In State v. On-Auk-Mor Trade Center, LLC, Not Reported in Pac. Rptr. 2022 WL 1256617 (Ariz. App. 2022), the Montiel Family Trust formed On-Auk-Mor Trade Center, LLC (OAM) as a limited liability company (“LLC”) under Arizona law. OAM’s sole member was the Montiel Family Trust, and David Montiel, the sole trustee of the Trust and manager of OAM, was an enrolled member of the Salt River Pima-Maricopa Indian Community (Community) residing on the Community’s reservation (Reservation). OAM was licensed by the Community to do business on the Reservation and, in fact, operated solely within the reservation. After a former employee applied for unemployment benefits, the Arizona Department of Economic Security’s E.S.A. Tax Unit (Department) investigated and determined that OAM was an employer under A.R.S. § 23-613 and was liable for unemployment insurance taxes. OAM appealed the Department’s determination, arguing it was not subject to Arizona’s unemployment insurance tax because OAM is located on the Reservation and owned by a member of the Community. The Department affirmed its decision and the Arizona Court of Appeals affirmed: “Although Montiel is the sole manager of OAM, OAM is treated as a separate entity from Montiel for purposes of Arizona’s unemployment insurance tax. Accordingly, the legal incidence of the tax falls on OAM as an Arizona LLC, not on Montiel as its sole manager. … According to the Community’s constitution, only natural persons are considered enrolled members of the Community. Salt River Pima-Maricopa Indian Cmty. Const. art. II, § 1. Thus, as an LLC, OAM cannot be an enrolled member of the Community. Because the tax incidence falls on OAM as a non-member of the Community, Chickasaw does not categorically bar the state from enforcing the tax. … To the extent that Bracker applies here, OAM has waived any argument regarding it. We lack an evidentiary basis to remand on this issue because OAM did not raise any arguments regarding the state, federal, or tribal interests in the tax court, despite the Department’s motion practice on the issue, and did not discuss the balance of interests until its reply brief on appeal. … Because OAM is an LLC organized under Arizona law, is taxed as a corporation for unemployment insurance tax purposes, and is not an enrolled member of the Community, it is subject to Arizona’s unemployment insurance tax.” 

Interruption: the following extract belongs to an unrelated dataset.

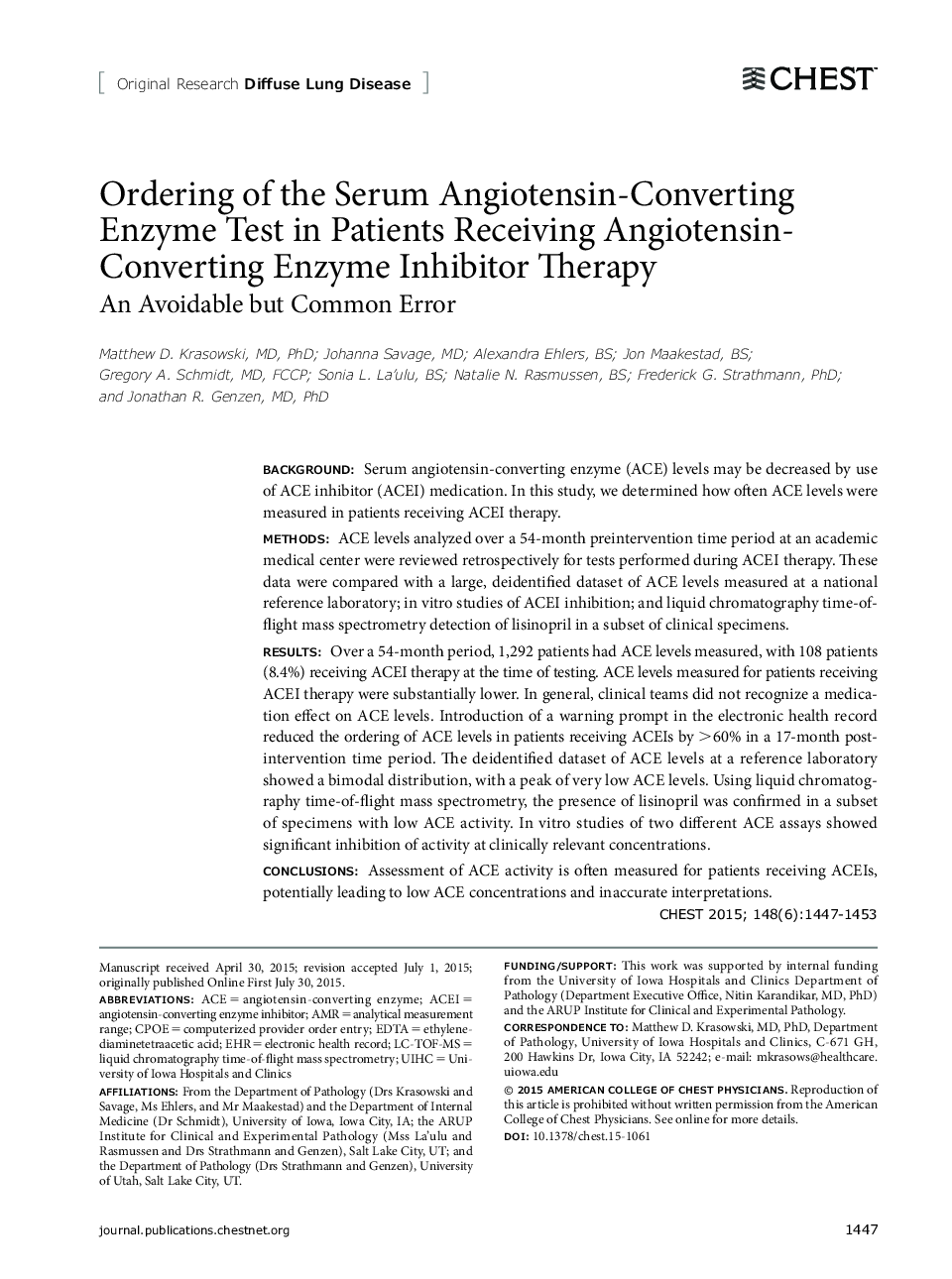 Ordering of the Serum Angiotensin-Converting Enzyme Test in Patients Receiving Angiotensin-Converting Enzyme Inhibitor Therapy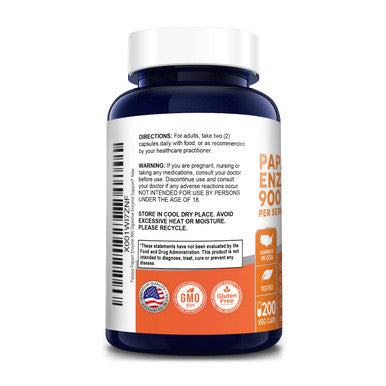 NusaPure Papaya Papain Enzyme 900mg 200 Veggie Caps (100% Vegetarian, Non-GMO & )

In Trenton Indian Housing Authority (TIHA) v. Poitra, 973 N.W.2d 419 (N.D. 2022), Poitra, an enrolled member of the Turtle Mountain Band of Chippewa Indians, resided a housing unit operated by Trenton Indian Housing Authority, located within the Trenton Indian Service Area (TISA), approximately 240 miles away from the Turtle Mountain reservation. TIHA initiated eviction proceedings against Poitra in the North Dakota district court. Poitra asserted the state court lacked subject matter jurisdiction and moved to dismiss the eviction action. The court denied Poitra’s motion to dismiss. The North Dakota Supreme Court affirmed, holding that the TISA was not a dependent Indian community for jurisdictional purposes and that TIHA was under no obligation to bring proceedings in the Tribal Court.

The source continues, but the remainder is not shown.